Researchers found significant gains in access to healthcare and across nearly four dozen healthcare performance measures since the implementation of key PPACA provisions five years ago.

A report showing that fewer people lacked health insurance in the years following the healthcare reform law's coverage expansion was released Thursday by the Commonwealth Fund.

Data in the organization's annual Commonwealth Fund Scorecard shows that the positive impact of the PPACA is undeniable, David Blumenthal, MD, president of the nonprofit healthcare think tank, told reporters Wednesday.

"It is clear that states, especially those that have expanded Medicaid, have made substantial progress in ensuring that their residents have health insurance. Millions are better able to get the healthcare they need since the law was passed, and the quality of care has improved for many."

The Commonwealth Fund scorecard evaluates 44 indicators grouped into four dimensions of performance: access and affordability, prevention/quality, avoidable hospital use and costs, and healthy lives.

Blumenthal emphasized widespread gains in patient safety in doctors' offices and hospitals and said the study helps set the bar for proposals to repeal and replace the PPACA.
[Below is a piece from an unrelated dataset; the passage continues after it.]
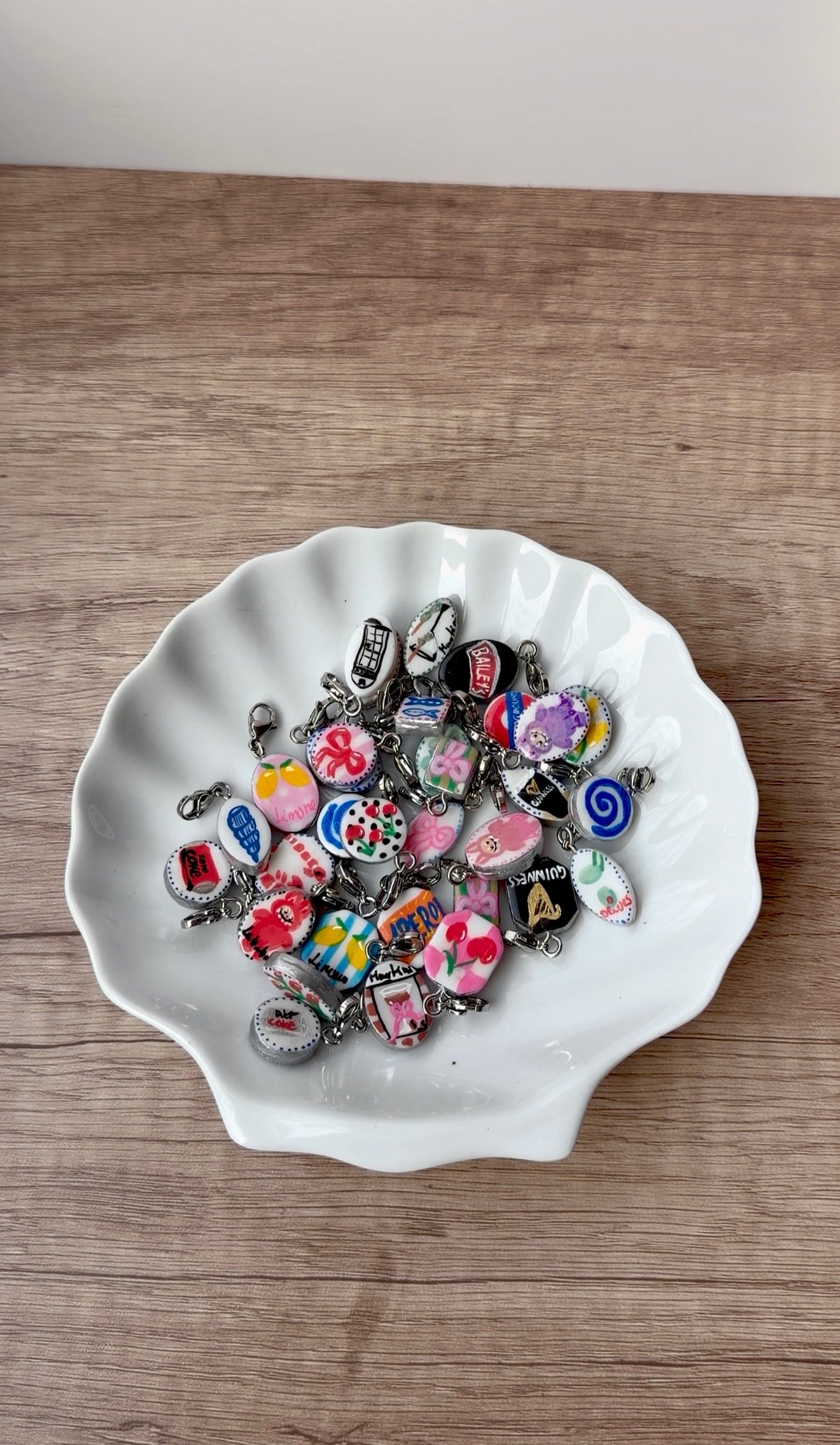 Hand painted charms - Silver sides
"We must hold onto the gains that we have made and build on them to improve even more. We must ensure that people in every state and community can benefit from the achievements of the past five years."

State Rankings
Vermont earned the highest ranking in the scorecard study, followed by Minnesota, Hawaii, Rhode Island, and Massachusetts. Mississippi received the lowest ranking.

The scorecard study found several healthcare-performance improvements that likely are related directly to the PPACA:

  • Gains in the rate of health insurance coverage and the ability to access care when needed
  • Higher levels of treatment quality and patient safety
  • Reductions in hospital readmission rates

While the scorecard study shows a considerable amount of performance variation in the delivery of healthcare services, gains from the PPACA are measurable and widespread, according to the report.

Medicaid Expansion Revved Performance Gains
It notes that nearly all state health systems improved on a broad array of health indicators between 2013 and 2015. The period coincides with implementation of the Affordable Care Act's major coverage expansions.

The most significant healthcare-performance gains were observed in states that accepted Medicaid expansion.

Those states typically ranked higher than non-expansion states before and after the law's coverage expansions, but also saw the greatest gains in healthcare access between 2013 and 2015.

States that achieved double-digit reductions in their uninsured rate for working-age adults between 2013 to 2015—Arkansas, California, Kentucky, Nevada, New Mexico, Oregon, Rhode Island, Washington, and West Virginia—all expanded Medicaid as soon as federal resources became available in 2014, according to the report.

Room for Improvement
Despite the many gains highlighted, researchers identified some areas of concern.

Disparities in healthcare were found to be persistent among low-income populations. And the rate of premature death (before age 75) could have been lower during the study period if access to coverage had increased slightly in 30 states, research suggests.

Christopher Cheney is the CMO editor at HealthLeaders.